Resets recurrent state after episode termination in RSL-RL play.py (#3838)

bikcrum · web-flow · commit e69b6d9bbb59 · 2025-11-03T10:36:44.000+01:00
# Description This PR fixes an issue in recurrent policy evaluation where the recurrent state was not being reset after an episode termination. The missing reset caused residual memory to persist between episodes. The fix ensures that `reset()` is now called during evaluation in `play.py` for policy networks, including recurrent. Fixes #3837  ## Type of change - Bug fix (non-breaking change which fixes an issue) ## Screenshots N/A ## Checklist - [x] I have read and understood the [contribution guidelines](https://isaac-sim.github.io/IsaacLab/main/source/refs/contributing.html) - [x] I have run the [`pre-commit` checks](https://pre-commit.com/) with `./isaaclab.sh --format` - [ ] I have made corresponding changes to the documentation where necessary - [x] My changes generate no new warnings - [x] I have added tests verifying that recurrent states are correctly reset during evaluation - [x] I have updated the changelog and corresponding version in the extension’s `config/extension.toml` file - [x] I have added my name to the `CONTRIBUTORS.md` or my name already exists there
diff --git a/scripts/reinforcement_learning/rsl_rl/play.py b/scripts/reinforcement_learning/rsl_rl/play.py
@@ -185,7 +185,9 @@ def main(env_cfg: ManagerBasedRLEnvCfg | DirectRLEnvCfg | DirectMARLEnvCfg, agen
             # agent stepping
             actions = policy(obs)
             # env stepping
-            obs, _, _, _ = env.step(actions)

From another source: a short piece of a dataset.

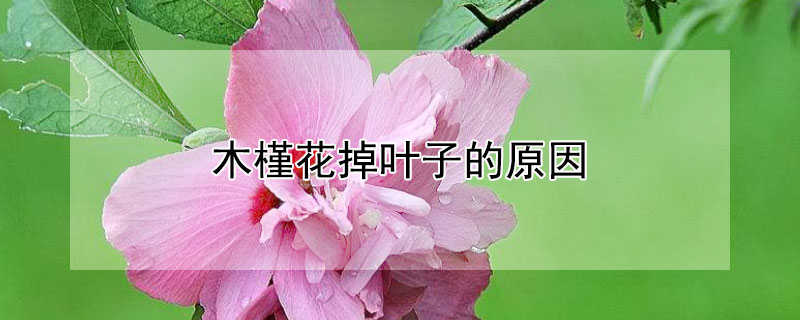 木槿花掉叶子的原因 木槿花的叶子都掉了该怎么办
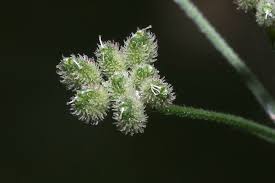 Attēlu rezultāti vaicājumam “Torilis japonica”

+            obs, _, dones, _ = env.step(actions)
+            # reset recurrent states for episodes that have terminated
+            policy_nn.reset(dones)
         if args_cli.video:
             timestep += 1
             # Exit the play loop after recording one video
diff --git a/source/isaaclab/config/extension.toml b/source/isaaclab/config/extension.toml
@@ -1,7 +1,7 @@
 [package]
 
 # Note: Semantic Versioning is used: https://semver.org/
-version = "0.47.5"
+version = "0.47.6"
 
 # Description
 title = "Isaac Lab framework for Robot Learning"
diff --git a/source/isaaclab/docs/CHANGELOG.rst b/source/isaaclab/docs/CHANGELOG.rst
@@ -1,6 +1,16 @@
 Changelog
 ---------
 
+
+0.47.6 (2025-11-01)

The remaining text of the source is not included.